"Digital transformation requires that executives, managers, and frontline employees work together to rethink how every aspect of the business should operate".
HBR May-June magazine 2022
Indeed they should know why transformation is important before the how. Insurers, brokers, MGAs are all urged to digitally transform as customers demand the same frictionless buying, upgrading and renewing experiences as they enjoy with onlime shopping from Amazon to Walmart, American Airlines to Whizz.
Even though insurance is far more complex than buying flight, groceries or gadgets. Regulation, coverage, exclusions, claims for lines of business ranging from aviation to zoos and simole gadget insurance to complicated cyber.

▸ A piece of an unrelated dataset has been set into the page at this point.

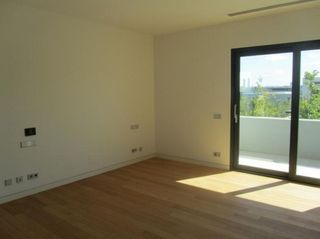 Chalet en alquiler en Valdemarín en Madrid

Neverthess, the ability to buy, renew, make mid-term adjustments, register and manage claims are all being transformed by niche full-stack insurers that saw gaps in the market, innovated with great products and services, and technology stacks that enabled them to move fast and constantly iterate and improve.
Take ManyPets- formerly BoughtbyMany. In the UK Altus publish Digital Maturity Surveys that measure this across 19 attributes. ManyPets founders focussed on pet insurance and get the highest rankings of all insurers.
Note how its not just buying and rebnewing insurance but also making and tracking a claim.
Compare that with gorilla in the market PetPlan
It does not mean that PetPlan offers a poor product or service but it is undeniable that pet pwners want the option of managing as much as they can online and always have access to a vet and/or a claims handler when thgey want extra reassurance. Mind you, if they are constantly kept up tp date with progress then they need reassurance less.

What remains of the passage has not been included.